Several times, I’ve started this post and I keep stopping. Baltimore is something of an underdog city and I have enough of an instinctive sympathy for underdogs that I can’t help feeling almost guilty for hating it. To put it in the most neutral terms possible, I just haven’t been able to fit in here. Perhaps it’s my fault. New York is perhaps the last city to need one more booster, but there we go. I like New York.
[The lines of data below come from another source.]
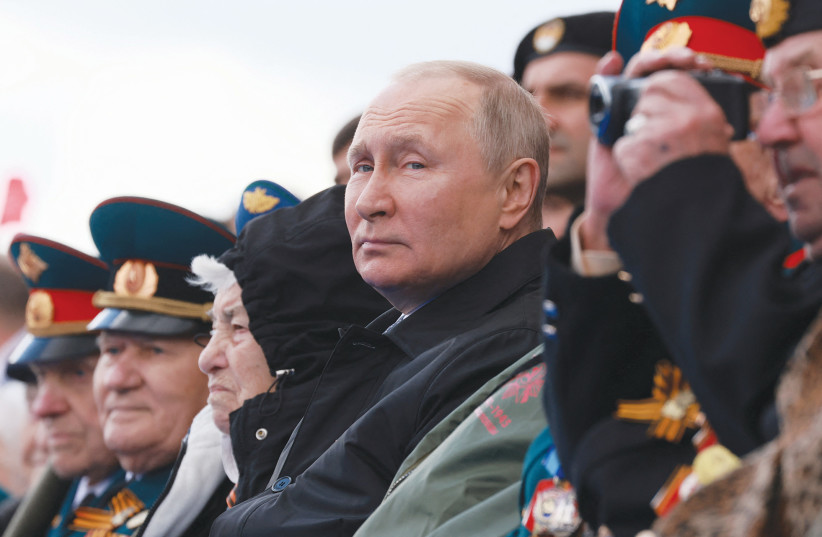  RUSSIAN PRESIDENT Vladimir Putin watches a military parade on Victory Day, in Red Square, in May. (photo credit: SPUTNIK/REUTERS)
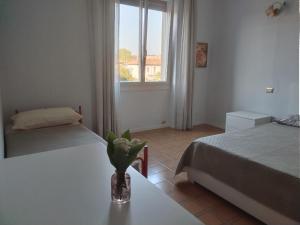 a bedroom with two beds and a vase on a table at Scer GEA in Cerro Maggiore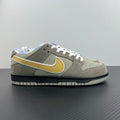 Grey suede low-top sneaker with yellow swoosh, white laces, black sole trim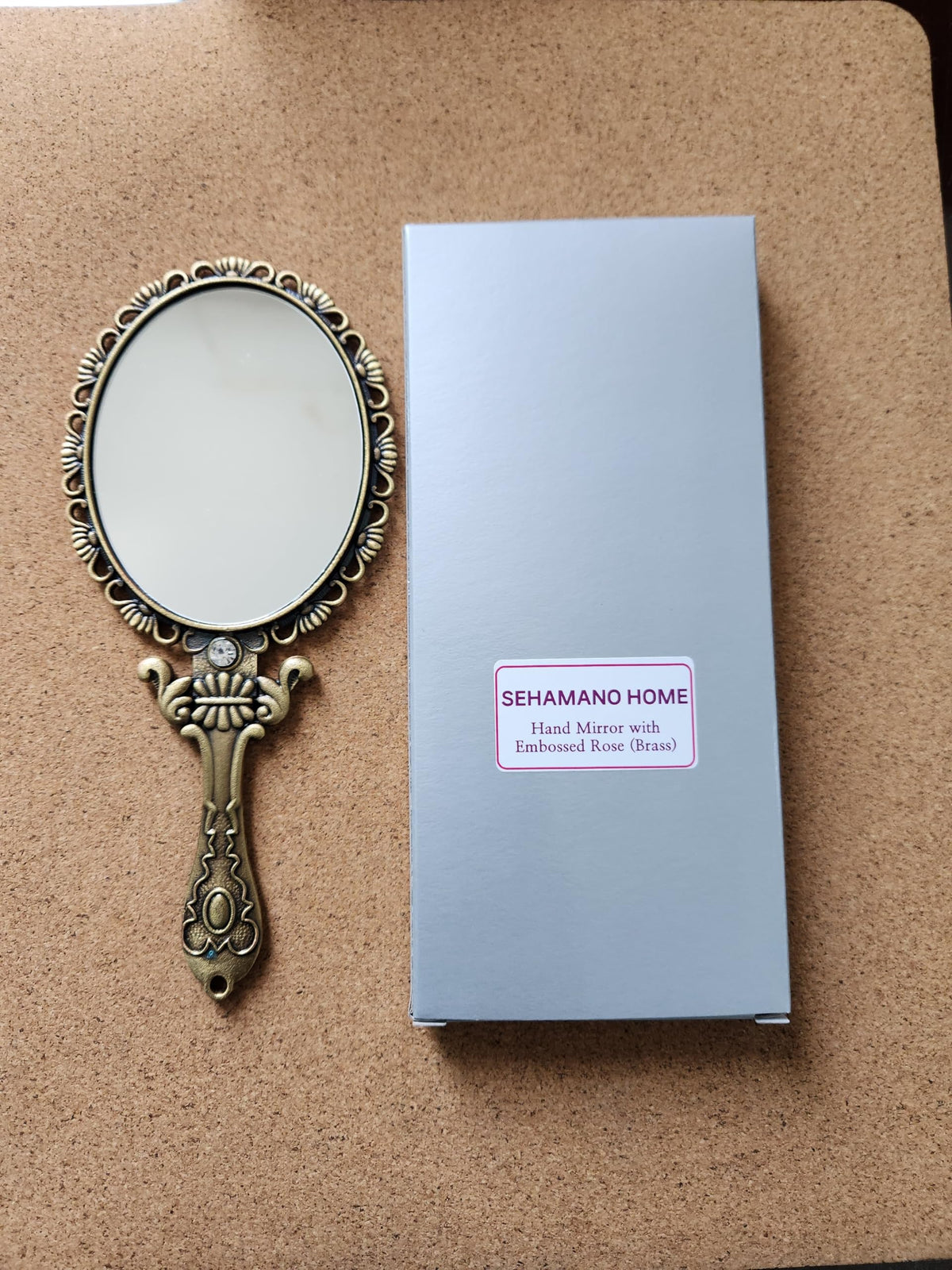 SEHAMANO vintage rose back detail adds classic charm to the mirror.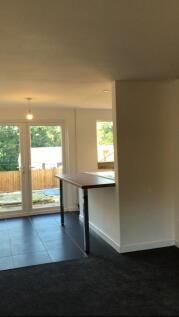 A bright and modern living room area featuring ...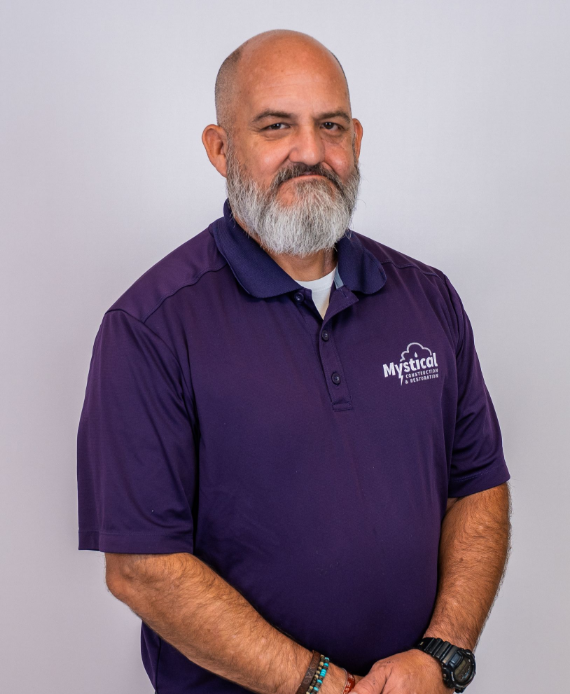 Man in a purple polo shirt with a white beard, standing against a light gray background.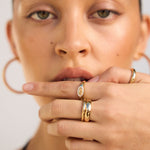 Close-up of a woman's face with gold rings on her fingers against a neutral background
Mensa having a preacher at their monthly meeting was certainly not the first time I felt alienated here, but it was the one that finally clinched it. It said to me, “No, you will never make friends here.” It’s been four years and there is probably no one here with whom I will keep in touch after I leave with the exception of my sister and brother-in-law. The cost of living is so much lower here than in New York City that I kept hoping that somehow I could make it work, by traveling more, by doing things that I was unable to do in New York like gardening, but it just wasn’t enough to make me happy. I suspect the isolation was making me a little bit nuts. It’s funny, because I’m introspective and just a touch introverted people think I should do well alone. It’s quite the opposite. Since I’m not especially gregarious I need many opportunities to make contact with other people in order to take advantage of the few occasions when I feel moved to reach out.
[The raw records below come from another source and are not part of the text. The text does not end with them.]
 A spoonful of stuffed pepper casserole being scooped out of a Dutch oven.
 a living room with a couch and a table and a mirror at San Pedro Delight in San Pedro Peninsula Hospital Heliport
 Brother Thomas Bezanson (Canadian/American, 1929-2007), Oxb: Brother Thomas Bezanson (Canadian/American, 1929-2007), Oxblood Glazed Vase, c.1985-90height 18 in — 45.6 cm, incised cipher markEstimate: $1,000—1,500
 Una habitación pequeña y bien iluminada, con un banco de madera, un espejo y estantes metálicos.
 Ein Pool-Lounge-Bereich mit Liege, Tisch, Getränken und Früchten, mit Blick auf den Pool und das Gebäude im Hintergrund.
They say you take yourself with you wherever you go, but in my experience that just isn’t true. I’m not the same person in everyplace, or at least I don’t behave in the same way. Some people find New York too hectic. One friend left after 9/11 for that reason. I’m just the opposite. To me, everyone here in Baltimore looks like they are walking with the weight of the world on their shoulders. It makes me feel like everything is hopeless. Furthermore, the place is ugly. For better or worse, I’ve always felt very sensitive to my surroundings.
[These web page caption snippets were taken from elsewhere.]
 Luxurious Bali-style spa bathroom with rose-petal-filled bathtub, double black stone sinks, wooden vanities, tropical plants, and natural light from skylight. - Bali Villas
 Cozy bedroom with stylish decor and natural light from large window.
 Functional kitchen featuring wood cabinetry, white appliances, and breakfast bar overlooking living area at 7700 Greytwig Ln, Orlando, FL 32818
I know that the popular belief these days is that depression has a biological source, but I’ve always felt that living in Baltimore was a major contributing factor in my depression. I guess I’m going to put that to the test. Just the thought of moving back to New York has made me significantly more cheerful during the past week.

A few good things have come out of moving here. I feel closer to my sister than I have since we were teenagers. I had a chance to live in an architectural masterpiece. A former boyfriend from New York said that he heard that living in a place like this is not as enjoyable as it sounds. That is totally untrue. The building and the apartment are great. If I could bring it to New York with me I would. However, in New York I would never be able to afford it. I had a chance to learn programming and to learn more about plants.

People do choose to live in one place over another for a reason. Sometimes it’s a job or family, but many people go to New York for New York itself.

Well, I’m going to be pretty busy during the next couple of weeks. I have a new place to fix up and an old place to get ready to sell.

Get my sister Sandy
And my little brother Ray
Buy a big old wagon
Gonna haul us all away

….

Oh, Baltimore
Man, it’s hard just to live
Oh, Baltimore
Man, it’s hard just to live, just to live

from “Baltimore,” by Randy Newman

So, in my pathetic attempt to ease my social isolation, I joined a few organizations.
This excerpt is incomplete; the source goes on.